Marilyn on the River Of No Return set, with director of photography Joseph LaShelle (SOLD for $375)

In my latest post for the Julien’s Legends auction, coming up on June 13-14, I’m taking a look at the fan mail, plus letters and greeting cards from friends and family, received (and kept) by Marilyn over the years. (You can read my previous posts, on the How to Marry a Millionaire bathrobe and the photos of Manfred Kreiner, here.)

UPDATE: I have now added the total bids to each item.

“An invoice from Southdown Kennel in Roxbury, Connecticut, for boarding and food for Hugo, the lovable basset hound owned by Marilyn and then husband Arthur Miller. The invoice is dated from November of 1958, and is addressed to Mrs. Arthur Miller. Dates specified for boarding of Hugo are July 4-10, July 28-August 5, August 22-24, and August 27-October 30. Also listed is ‘1 case beef’ at a cost of $11.50.” (SOLD for $512)

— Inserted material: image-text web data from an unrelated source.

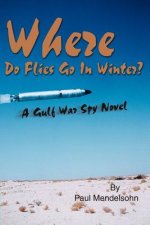 Where Do Flies Go in Winter?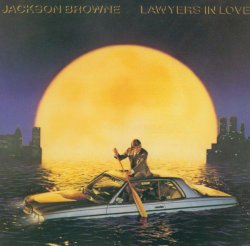 "Jackson Browne - Lawyers In Love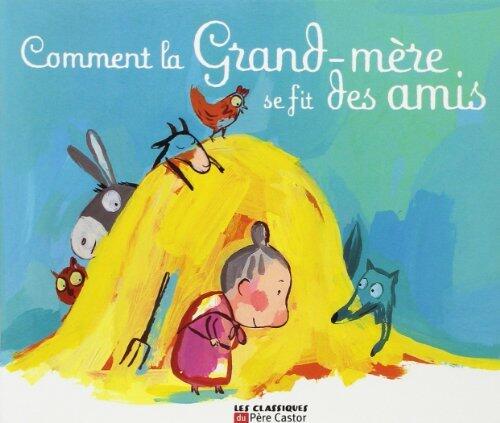 Comment la Grand-Mère se fit des amis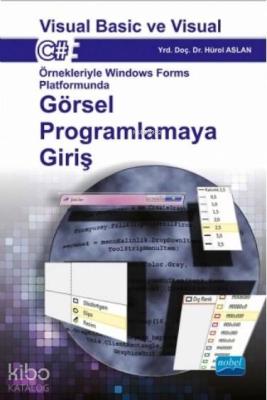 Windows Forms Platformunda Görsel Programlamaya Giriş; Visual Basic ve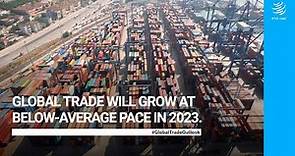 Global Trade Outlook and Statistics 2023
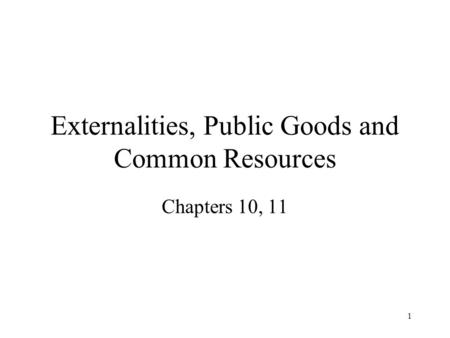 Externalities, Public Goods and Common Resources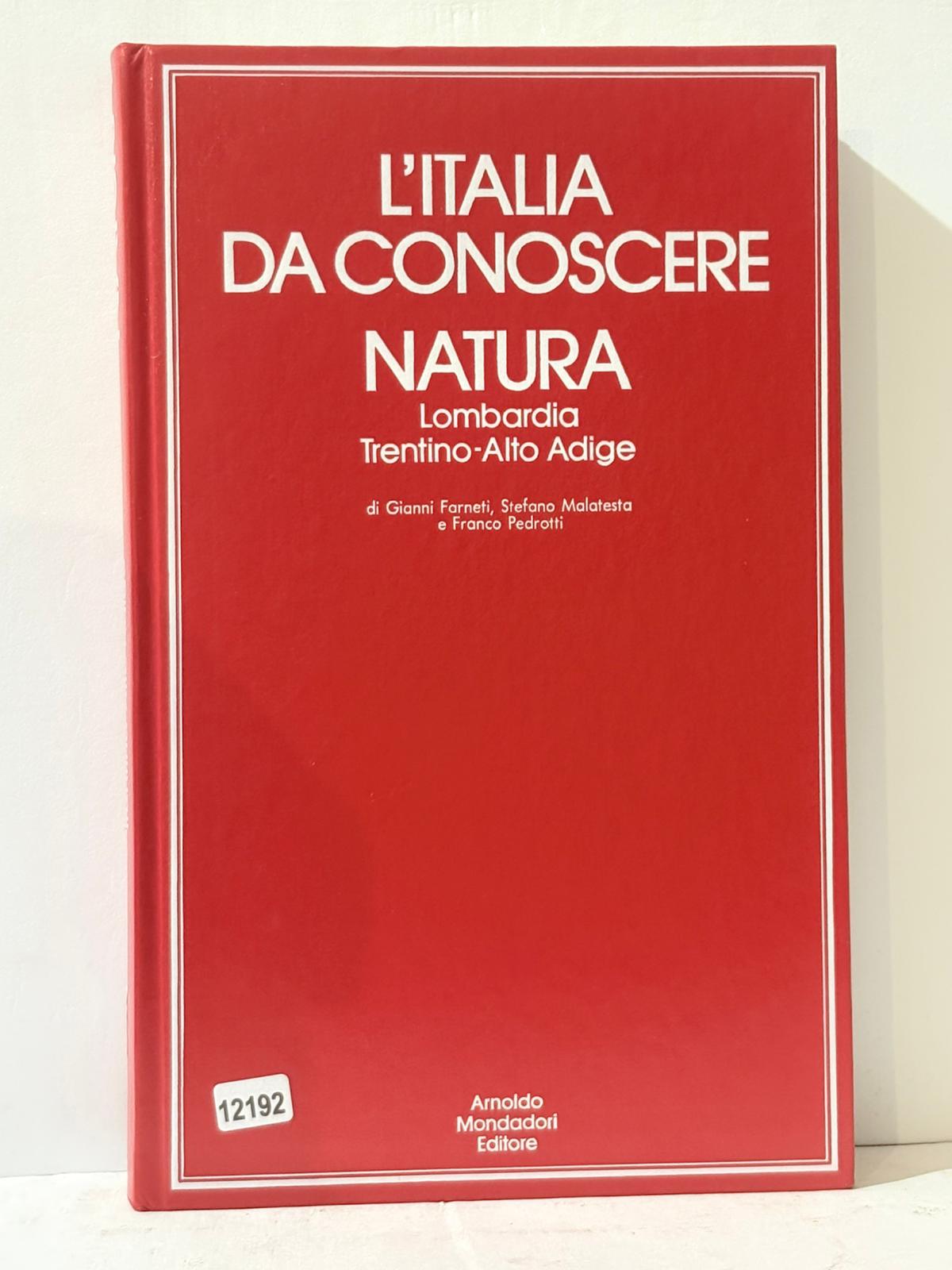 L'Italia Da Conoscere Natura - Lonbardia Trentino-Alto Adige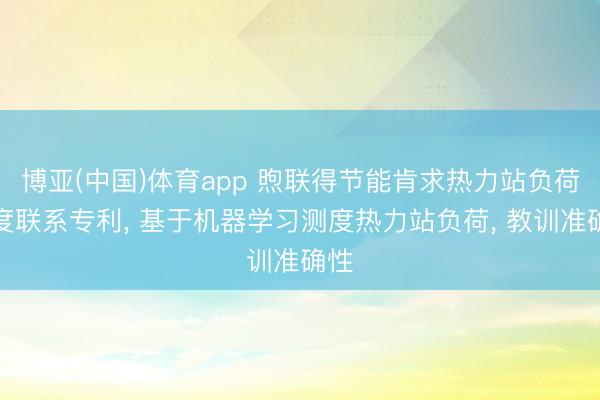 博亚(中国)体育app 煦联得节能肯求热力站负荷测度联系专利， 基于机器学习测度热力站负荷， 教训准确性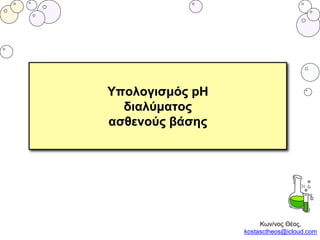 Υπολογισμός pH
διαλύματος
ασθενούς βάσης
Κων/νος Θέος,
kostasctheos@icloud.com
 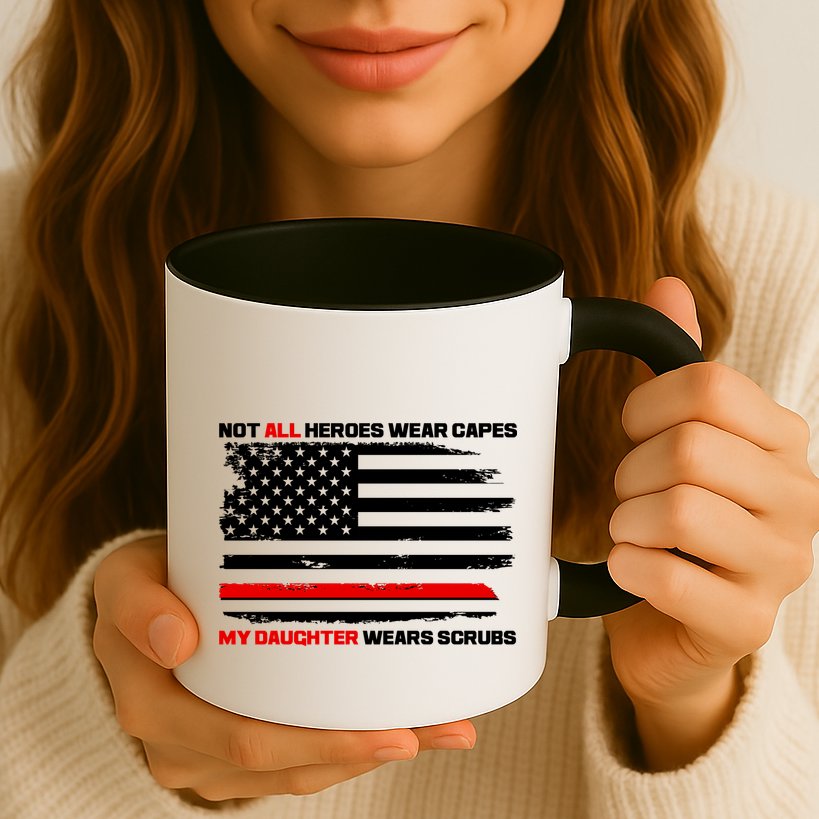 Not All Heroes Wear Capes My Daughter Wears Scrubs Mug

“A handwritten letter from a young child, undated, reading, ‘Dear Marilyn, How are you? Daddy and mommy saw you. I wish I could of. I am writing you to see if you rember (sic) me. First you saw me playing on the grass at Chaire’s house and then at Patty’s. I went to East Hampton and I got a new bike. It is beautiful.’ The letter is signed Emily Hedda Liss. The letterhead reads ‘Mrs. Joseph Liss, 445 East 68th Street, New York, New York,’ indicating Emily is likely the young daughter of television writer and editor Joseph Liss.” (UNSOLD)

“Two greeting cards sent to Marilyn from fans with get well wishes. One card’s handwritten inscription reads, ‘To a wonderful actress. My best wishes to you. Palma Urso, 1958.’ The other is simply signed, ‘Judy Bawber.’ (UNSOLD)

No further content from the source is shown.